The usual response is for them to assume that I only believe in the inspiration and inerrancy of Scripture because I grew up in a traditional church and I graduated from a conservative Christian university and seminary. They believe that I am simply unaware of the arguments against the inspiration and inerrancy of Scripture or that I have never really considered them. I generally have to explain to them that yes, I have heard all of the arguments and as part of my education I had to carefully consider and debate them.
However, because I consider everyone I speak with a potential disciple of Jesus, I find that explaining my belief in Scripture is a good way to break the ice about being a disciple of Jesus. If they are interested in knowing why I believe in the Bible, I give them the following argument about why I not only believe in the Christian God, but also why I believe that the Christian Bible has been inspired by Him and is His message to us and how it points to Jesus…
First, I believe in God simply because most humans act as if there is a God (and those who don’t we call psychopaths, sociopaths, criminals, and narcissists). Second, I believe in God due to the overwhelming wonder of creation. As Paul wrote:
Indeed, when Gentiles, who do not have the law, do by nature things required by the law, they are a law for themselves, even though they do not have the law. They show that the requirements of the law are written on their hearts, their consciences also bearing witness, and their thoughts sometimes accusing them and at other times even defending them. (Romans 2:14-15)
And:
What may be known about God is plain to them, because God has made it plain to them. For since the creation of the world God’s invisible qualities—his eternal power and divine nature—have been clearly seen, being understood from what has been made, so that people are without excuse. (Romans 1:19-20)

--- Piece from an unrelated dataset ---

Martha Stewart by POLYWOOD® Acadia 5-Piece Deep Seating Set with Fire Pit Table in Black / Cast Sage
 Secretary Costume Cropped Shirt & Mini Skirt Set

When I have asked myself in my darkest hours if I really believe in God, those are the two things that compel me to say Yes, I do.
The next question I have to ask myself is if I believe that God would communicate with the human beings that He created. Given the two reasons that I hold for believing in God, my answer is Yes, He would.
This is where the inspiration and inerrancy of Scripture become important. When considering if God has communicated with human beings beyond the wonder of creation and the law written on our hearts, I have to consider all of the people throughout human history who claimed to have spoken for God. I have to ask myself if what they said and/or wrote aligns with what I observe to be true about God and humanity.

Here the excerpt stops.